[RECORDS FOR THE EXERCISE]
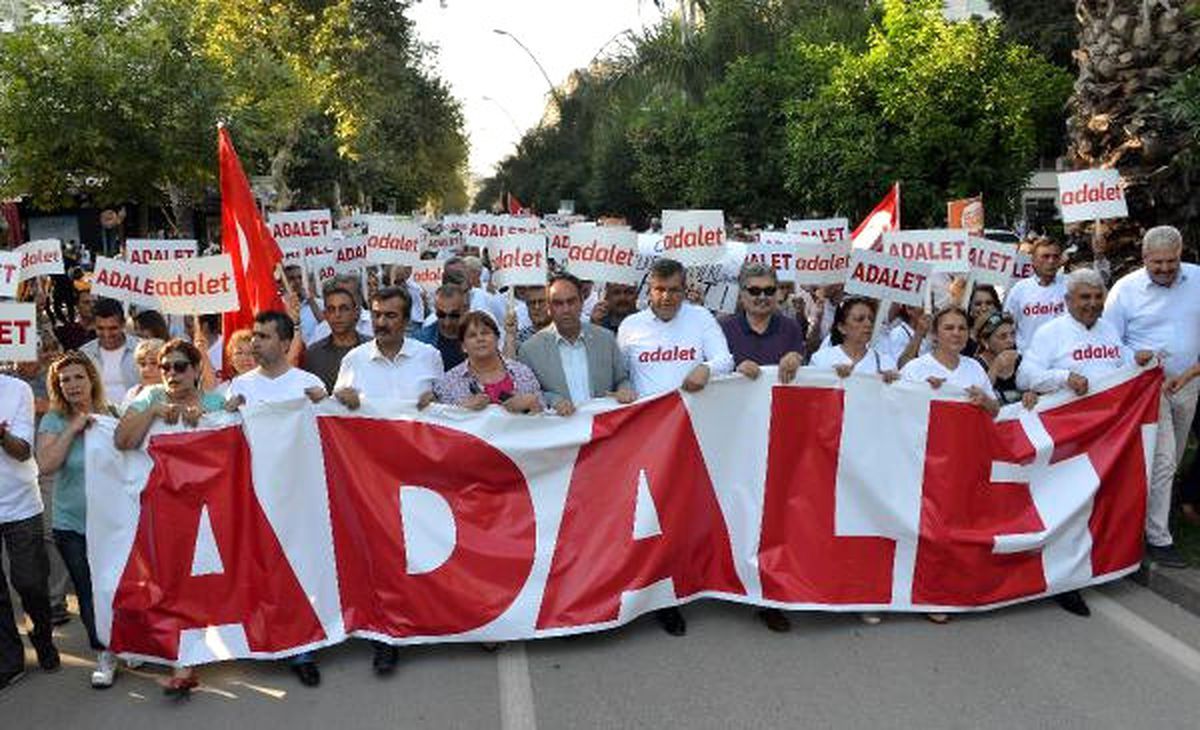 Adana\'da, CHP\'lilerden \'Adalet\' Yürüyüşü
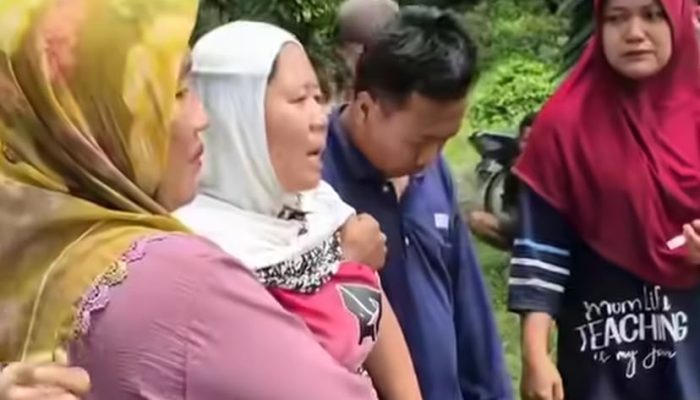 Tangis Ibu di Sungai Begumit Langkat, Berulang Kali Panggil Andika: “Pulanglah, Nak, Mama Sudah di Sini”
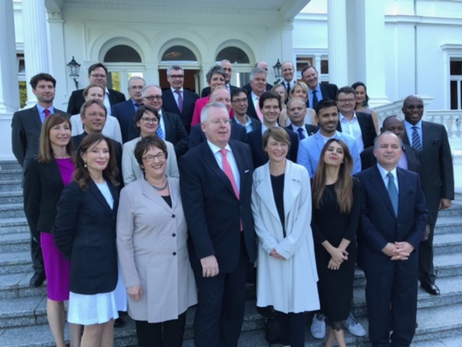 Elke Büdenbender bei der Begegnung mit Akteuren aus Politik, Kultur, Wirtschaft, Entwicklungszusammenarbeit und Wissenschaft anlässlich des Abendessens  des Global Media Forum‎ auf Einladung der Deutschen Welle in der Villa Hammerschmidt in Bonn 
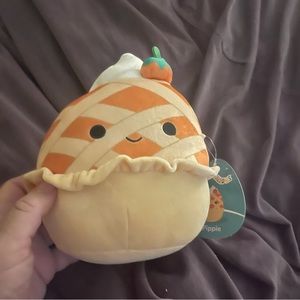 Pippie the 7.5 inch squishmallow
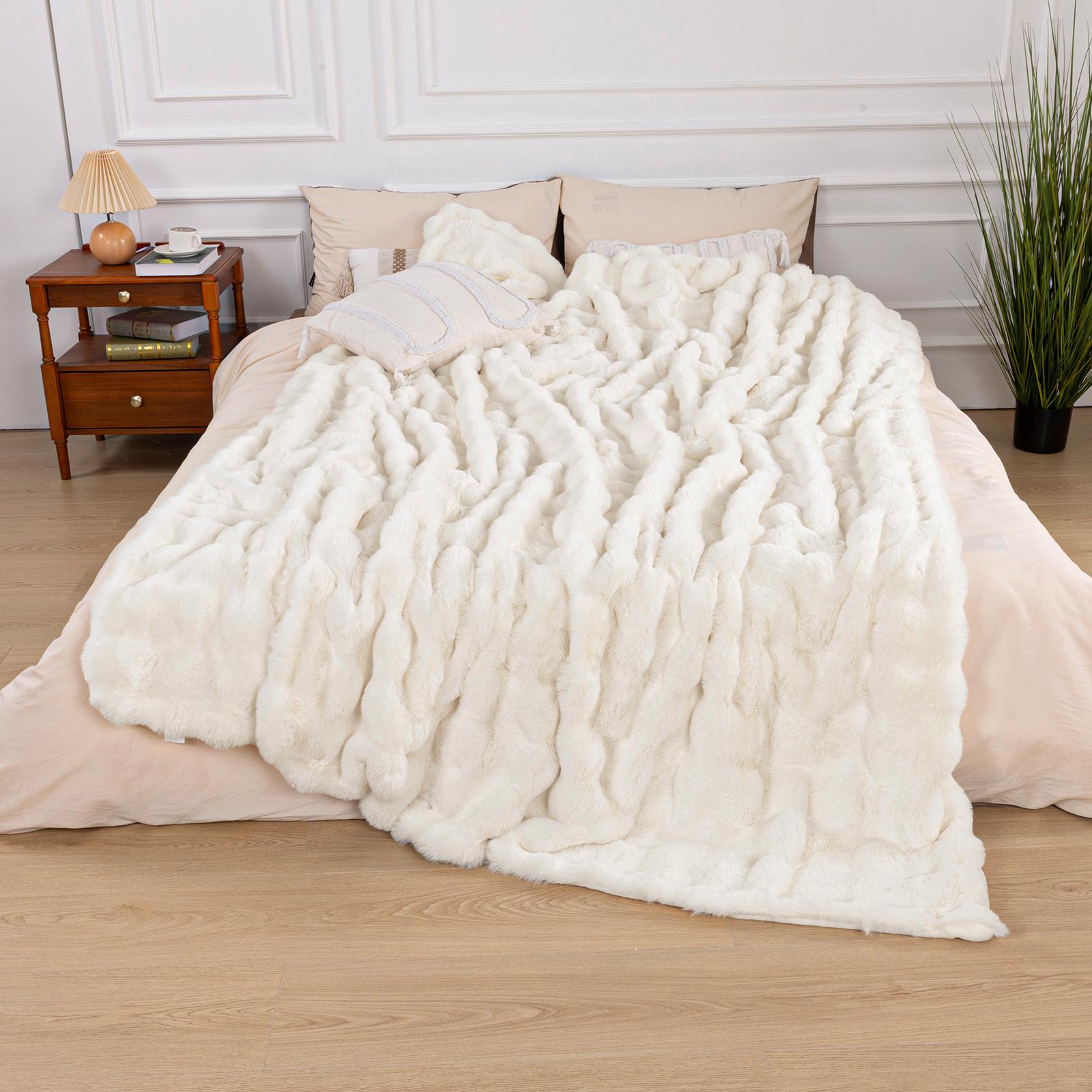 【TikTokShopHolidayHaul】LOKHOM Faux Rabbit Fur Blanket-Pillow not included- Bubble Blanket-Luxury Plush Velvet Throw, Ultra-Soft Fleece, Warm Cozy Winter Blanket for Couch-Elegant, Bed, Sofa, Lightweight, solid color comfy blanket, family gift 【TikTokShopHolidayHaul】LOKHOM Faux Rabbit Fur Blanket-Pillow not included- Bubble Blanket-Luxury Plush Velvet Throw, Ultra-Soft Fleece, Warm Cozy Winter Blanket for Couch-Elegant, Bed, Sofa, Lightweight, solid color comfy blanket, family gift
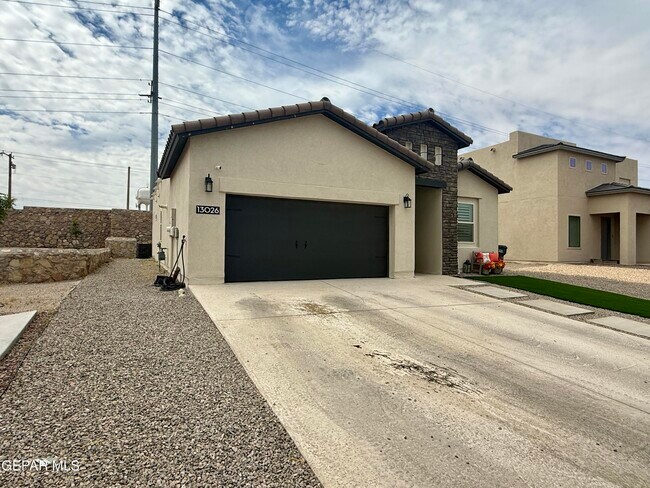 Foto del edificio - 13026 Terrington Ave
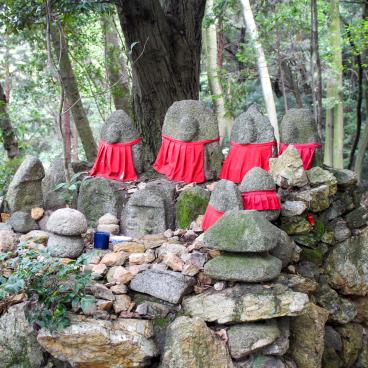 Chion-in temple in Kyoto, Buddhist steles decorated with red bibs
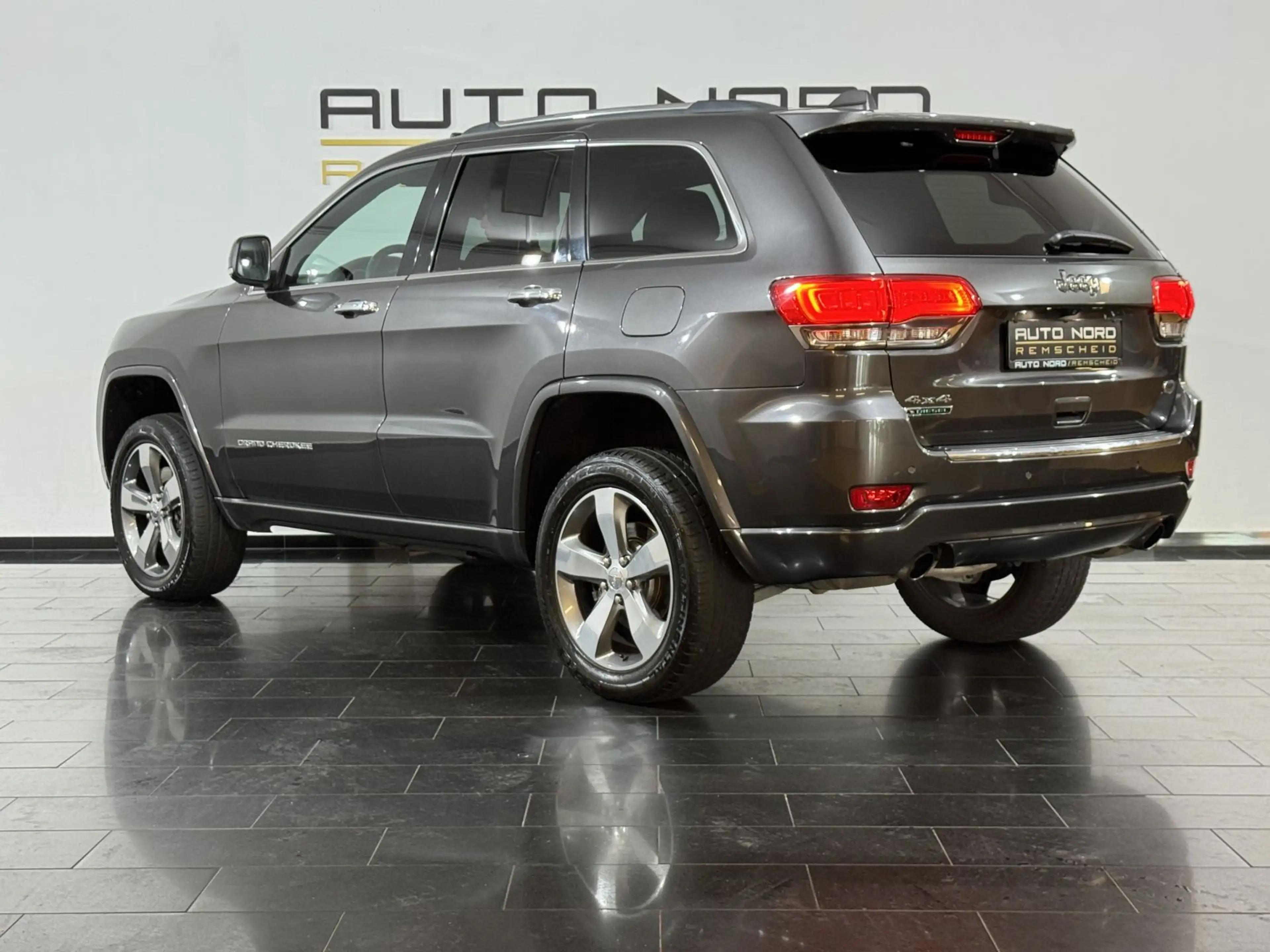 Jeep Grand Cherokee 3.0 CRD Overland *Navi*ACC*Luft* — photo 11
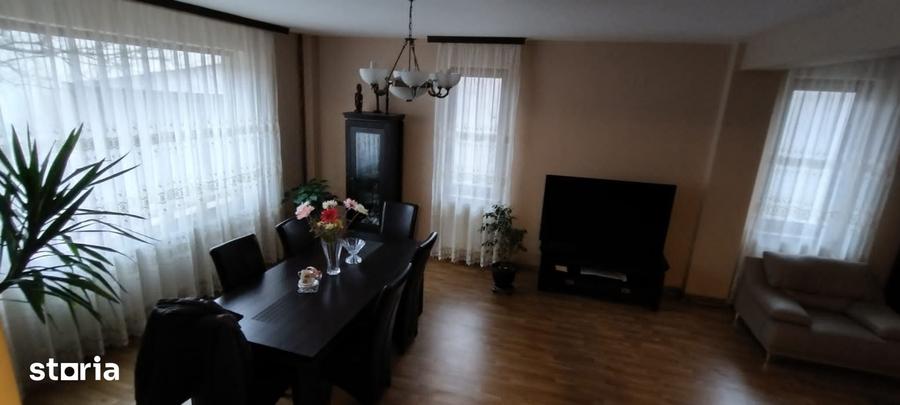 Casă cu 6 camere cu Teren 600 Mp în Kamsas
[/RECORDS FOR THE EXERCISE]
**EXERCISE GOAL**
Excluding the pictures, write out exactly the lines from the line that contains "Elke Büdenbender bei" through the end of the records.

**REPLY TO THE EXERCISE**
 Elke Büdenbender bei der Begegnung mit Akteuren aus Politik, Kultur, Wirtschaft, Entwicklungszusammenarbeit und Wissenschaft anlässlich des Abendessens  des Global Media Forum‎ auf Einladung der Deutschen Welle in der Villa Hammerschmidt in Bonn 
 Pippie the 7.5 inch squishmallow
 【TikTokShopHolidayHaul】LOKHOM Faux Rabbit Fur Blanket-Pillow not included- Bubble Blanket-Luxury Plush Velvet Throw, Ultra-Soft Fleece, Warm Cozy Winter Blanket for Couch-Elegant, Bed, Sofa, Lightweight, solid color comfy blanket, family gift 【TikTokShopHolidayHaul】LOKHOM Faux Rabbit Fur Blanket-Pillow not included- Bubble Blanket-Luxury Plush Velvet Throw, Ultra-Soft Fleece, Warm Cozy Winter Blanket for Couch-Elegant, Bed, Sofa, Lightweight, solid color comfy blanket, family gift
 Foto del edificio - 13026 Terrington Ave
 Chion-in temple in Kyoto, Buddhist steles decorated with red bibs
 Jeep Grand Cherokee 3.0 CRD Overland *Navi*ACC*Luft* — photo 11
 Casă cu 6 camere cu Teren 600 Mp în Kamsas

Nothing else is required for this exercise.